A common technique for certain nlp tasks are to mean pool sentences or entities which span several tokens. So in some cases, the mean of a slice of the final context embeddings is calculated. This is easy to do for a single row, but less obvious to calculate in a batch.
Say that I want to take the mean pool of a couple entities, each spanning a few tokens.
I have last_hidden_state
which is a 512 tokens x 768 embedding size tensor.
I also have mean_slices
which is a n x 2 sized tensor, where n is the number of entities within the 512 tokens. Each row contains two numbers, they are the start and end token index for each entity.

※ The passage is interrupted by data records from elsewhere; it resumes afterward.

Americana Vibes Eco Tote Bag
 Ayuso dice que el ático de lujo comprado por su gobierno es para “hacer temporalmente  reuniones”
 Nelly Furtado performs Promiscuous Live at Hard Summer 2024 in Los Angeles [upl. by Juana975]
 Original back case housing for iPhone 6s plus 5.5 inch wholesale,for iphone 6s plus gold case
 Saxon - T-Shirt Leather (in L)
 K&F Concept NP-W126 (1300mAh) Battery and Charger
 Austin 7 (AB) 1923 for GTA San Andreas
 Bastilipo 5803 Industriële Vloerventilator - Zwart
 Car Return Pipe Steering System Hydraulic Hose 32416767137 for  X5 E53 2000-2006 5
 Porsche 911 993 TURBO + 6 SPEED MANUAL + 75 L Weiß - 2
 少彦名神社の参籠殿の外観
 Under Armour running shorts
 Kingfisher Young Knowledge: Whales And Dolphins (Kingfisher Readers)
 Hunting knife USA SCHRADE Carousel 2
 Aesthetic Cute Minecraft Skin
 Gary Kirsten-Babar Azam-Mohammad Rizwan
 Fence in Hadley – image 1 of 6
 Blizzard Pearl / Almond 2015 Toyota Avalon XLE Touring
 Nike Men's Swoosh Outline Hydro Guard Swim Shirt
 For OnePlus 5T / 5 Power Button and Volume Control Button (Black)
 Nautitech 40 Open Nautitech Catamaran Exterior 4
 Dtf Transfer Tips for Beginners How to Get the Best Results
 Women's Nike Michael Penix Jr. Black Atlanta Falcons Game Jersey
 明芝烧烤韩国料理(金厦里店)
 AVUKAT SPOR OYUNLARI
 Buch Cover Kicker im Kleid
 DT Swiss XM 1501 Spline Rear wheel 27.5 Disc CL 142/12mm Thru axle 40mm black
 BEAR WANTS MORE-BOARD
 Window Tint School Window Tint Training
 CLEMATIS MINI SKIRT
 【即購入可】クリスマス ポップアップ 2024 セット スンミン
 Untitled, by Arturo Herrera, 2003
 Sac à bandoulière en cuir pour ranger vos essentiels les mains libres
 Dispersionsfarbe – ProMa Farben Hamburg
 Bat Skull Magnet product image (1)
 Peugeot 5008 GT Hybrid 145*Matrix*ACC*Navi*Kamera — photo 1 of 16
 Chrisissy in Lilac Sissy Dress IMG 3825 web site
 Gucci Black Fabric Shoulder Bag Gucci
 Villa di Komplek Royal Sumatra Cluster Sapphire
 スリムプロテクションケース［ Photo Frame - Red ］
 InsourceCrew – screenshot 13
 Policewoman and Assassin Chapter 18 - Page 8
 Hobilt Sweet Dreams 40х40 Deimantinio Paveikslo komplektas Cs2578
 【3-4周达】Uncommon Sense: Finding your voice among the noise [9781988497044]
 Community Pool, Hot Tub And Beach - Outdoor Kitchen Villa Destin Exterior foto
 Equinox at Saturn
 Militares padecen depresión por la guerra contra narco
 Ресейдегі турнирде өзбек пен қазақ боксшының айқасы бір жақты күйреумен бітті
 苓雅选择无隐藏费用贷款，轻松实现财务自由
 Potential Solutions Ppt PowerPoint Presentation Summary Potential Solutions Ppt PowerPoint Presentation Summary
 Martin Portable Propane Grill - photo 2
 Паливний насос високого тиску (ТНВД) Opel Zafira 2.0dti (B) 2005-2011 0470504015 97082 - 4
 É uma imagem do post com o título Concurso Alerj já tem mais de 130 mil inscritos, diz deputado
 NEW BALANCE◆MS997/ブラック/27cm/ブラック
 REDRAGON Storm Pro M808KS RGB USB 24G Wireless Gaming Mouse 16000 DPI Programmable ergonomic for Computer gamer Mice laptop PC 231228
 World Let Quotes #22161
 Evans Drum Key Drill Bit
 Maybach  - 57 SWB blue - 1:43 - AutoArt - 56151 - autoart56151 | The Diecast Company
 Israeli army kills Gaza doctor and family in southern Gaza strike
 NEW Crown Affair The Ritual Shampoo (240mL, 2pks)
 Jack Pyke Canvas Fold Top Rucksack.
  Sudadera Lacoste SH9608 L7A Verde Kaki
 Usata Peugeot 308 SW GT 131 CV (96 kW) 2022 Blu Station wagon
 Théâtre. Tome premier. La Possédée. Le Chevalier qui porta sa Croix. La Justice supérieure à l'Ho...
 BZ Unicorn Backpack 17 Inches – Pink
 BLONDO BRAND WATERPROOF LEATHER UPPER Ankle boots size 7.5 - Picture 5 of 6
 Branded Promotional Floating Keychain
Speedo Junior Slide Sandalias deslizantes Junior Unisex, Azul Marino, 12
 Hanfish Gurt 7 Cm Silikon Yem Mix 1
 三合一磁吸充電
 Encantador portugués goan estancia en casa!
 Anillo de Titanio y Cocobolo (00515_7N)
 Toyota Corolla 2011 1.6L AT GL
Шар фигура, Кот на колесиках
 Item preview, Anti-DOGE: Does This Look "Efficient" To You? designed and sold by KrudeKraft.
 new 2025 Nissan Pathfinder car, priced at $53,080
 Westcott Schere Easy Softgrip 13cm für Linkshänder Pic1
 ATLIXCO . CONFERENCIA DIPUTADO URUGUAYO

Since there are no ragged tensors in pytorch, I came up with a workaround where I would calculate the cumsum of the embeddings along the axis of the 512 tokens, and then for each cumsum of an end entity index, I would subtract out the cumsum before the start entity index, and then divide by the length of the slices.
Here’s how it would look like in pytorch code
padded = torch.nn.functional.pad(
last_hidden_state.cumsum(dim=0), (0, 0, 1, 0)
)
pools = torch.diff(
padded[mean_slices], dim=1
).squeeze()/torch.diff(mean_slices, dim=1)
However, I am wondering if this may not work as intended, as gradients will be passed to all tokens, not just the ones being averaged…I think.